Extracted records:

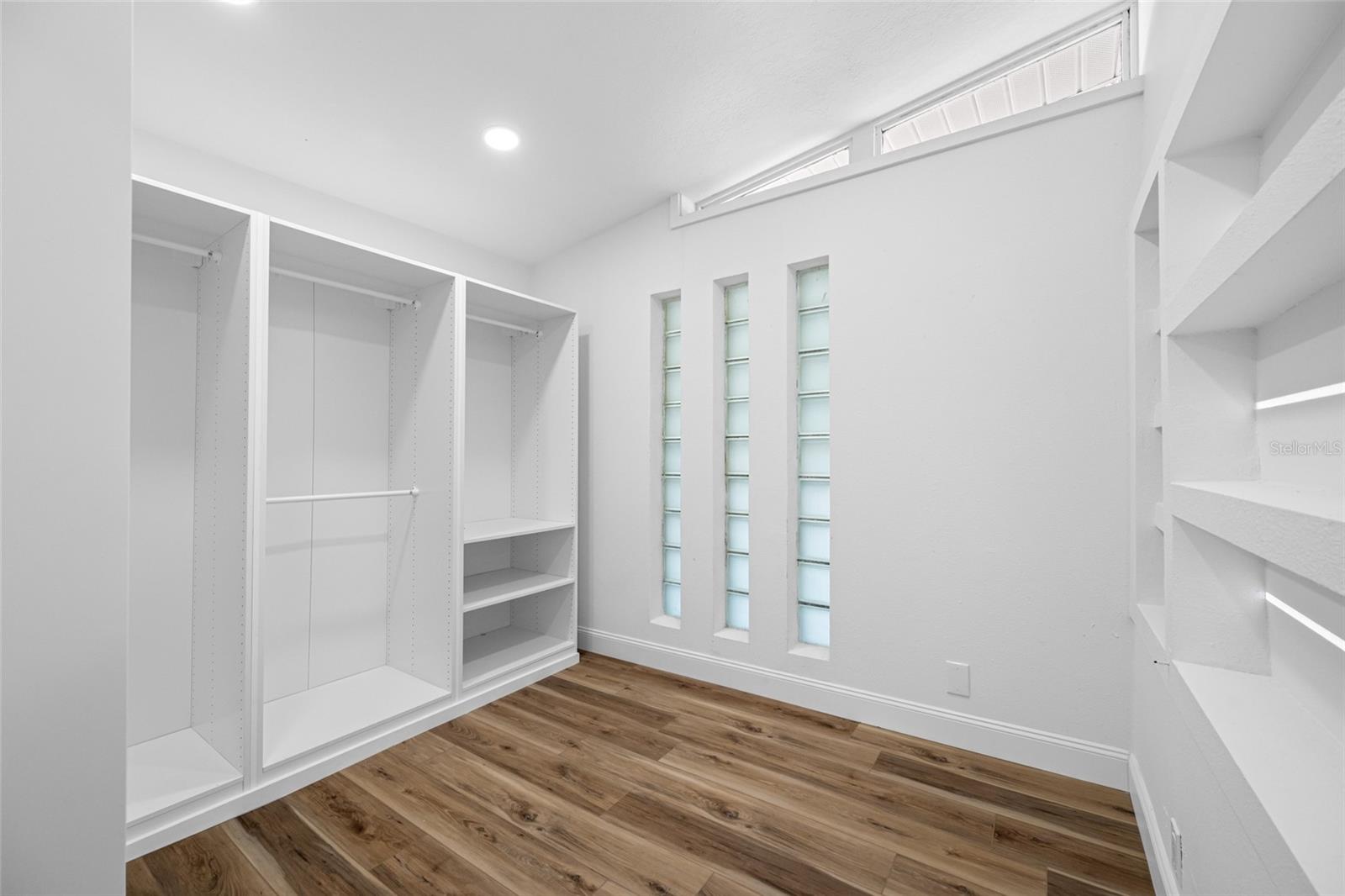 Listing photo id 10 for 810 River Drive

--

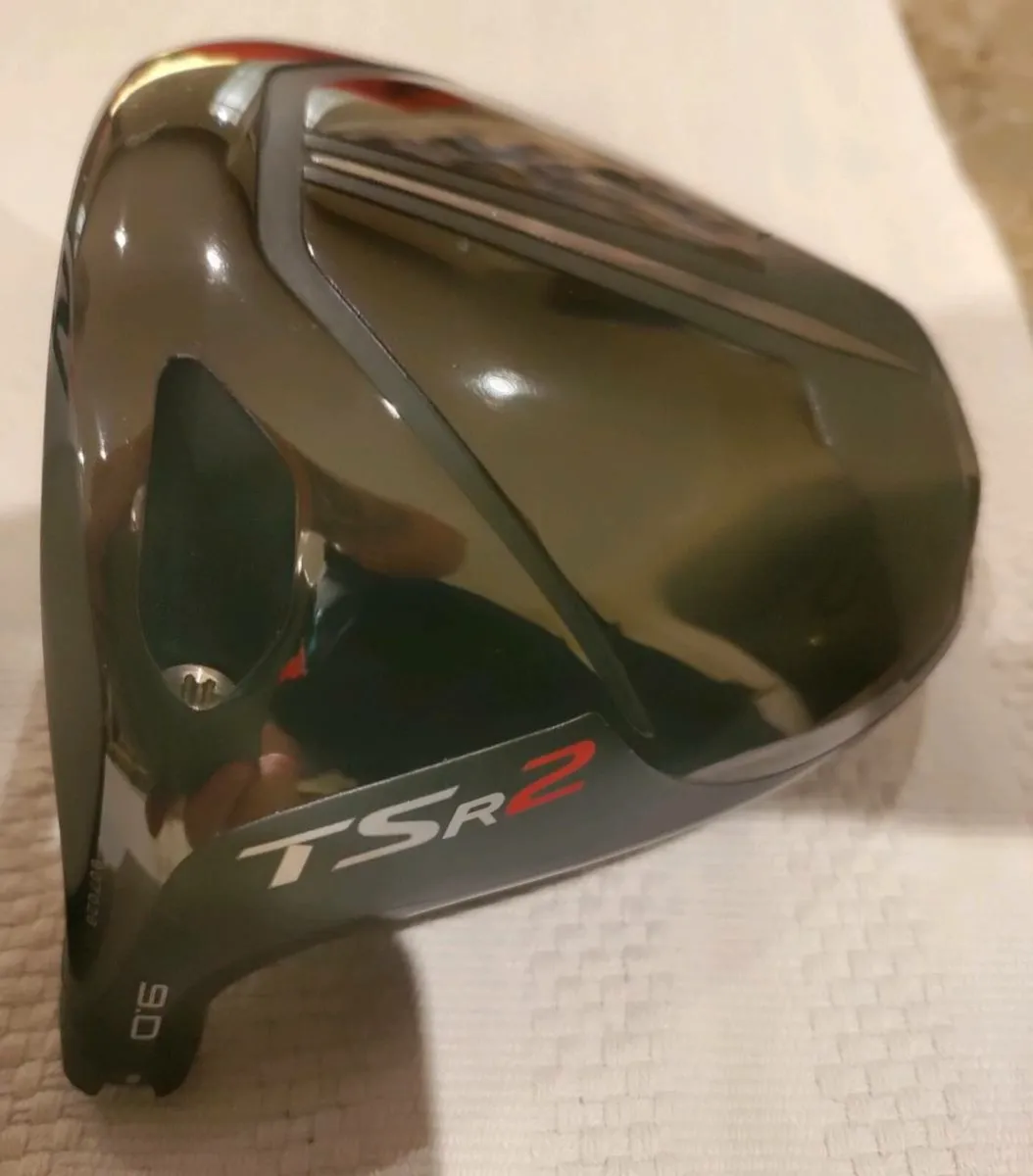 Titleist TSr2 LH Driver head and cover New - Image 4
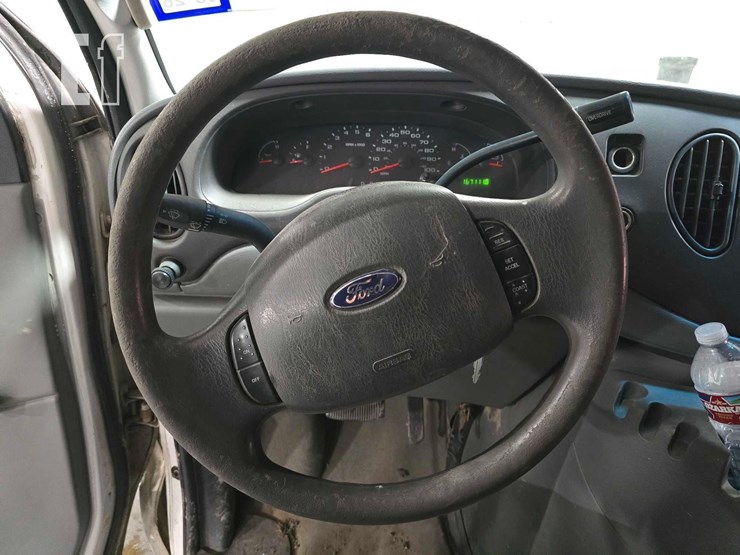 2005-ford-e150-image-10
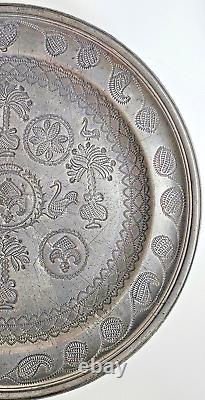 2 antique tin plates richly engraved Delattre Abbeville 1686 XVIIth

* * *

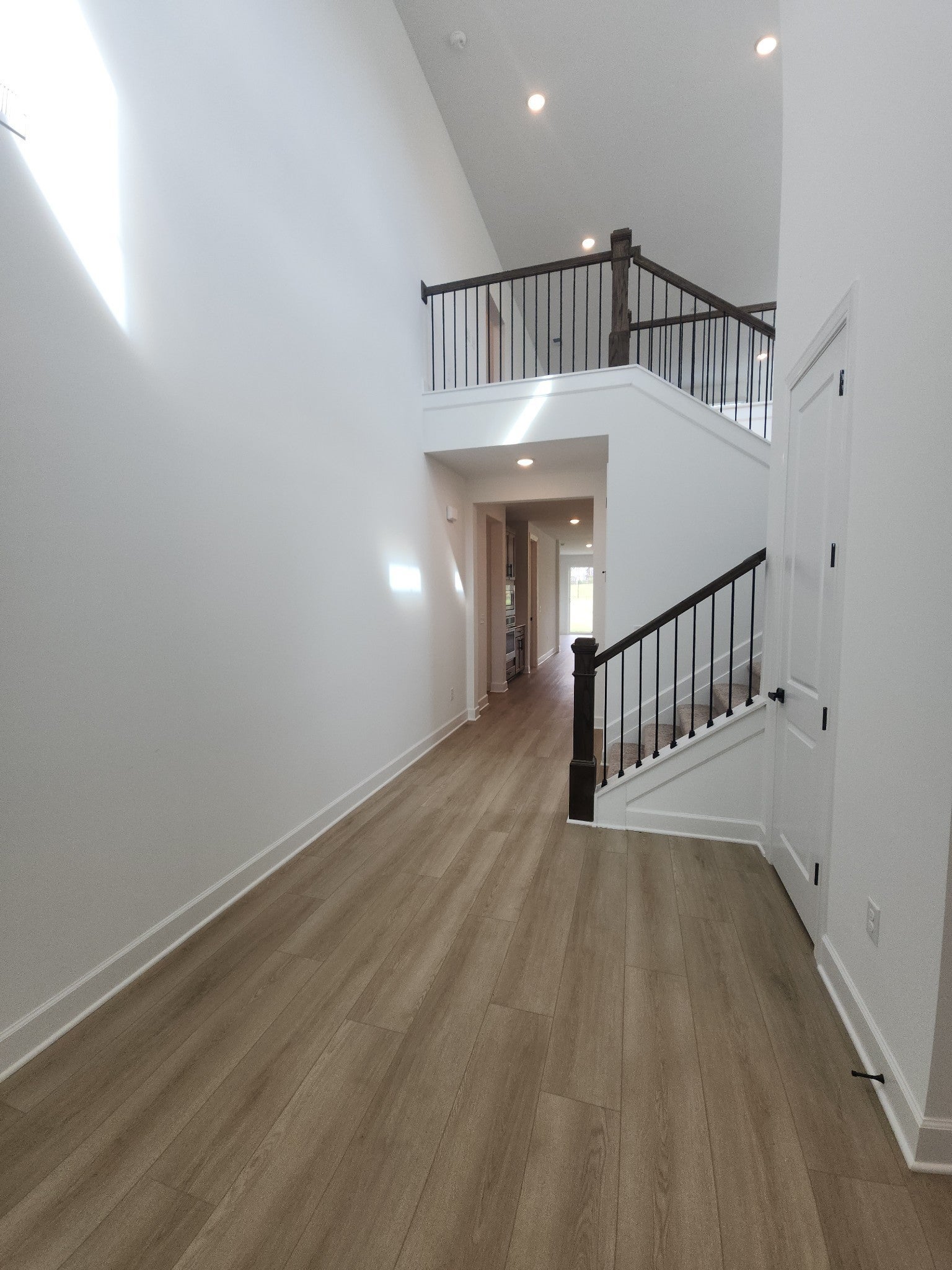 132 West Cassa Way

Your instructions: From the material above, reproduce only what runs from the line holding "Titleist TSr2 LH" down to the line holding "2 antique tin", both included, pictures excluded.

Response to this task:
 Titleist TSr2 LH Driver head and cover New - Image 4
 2005-ford-e150-image-10
 2 antique tin plates richly engraved Delattre Abbeville 1686 XVIIth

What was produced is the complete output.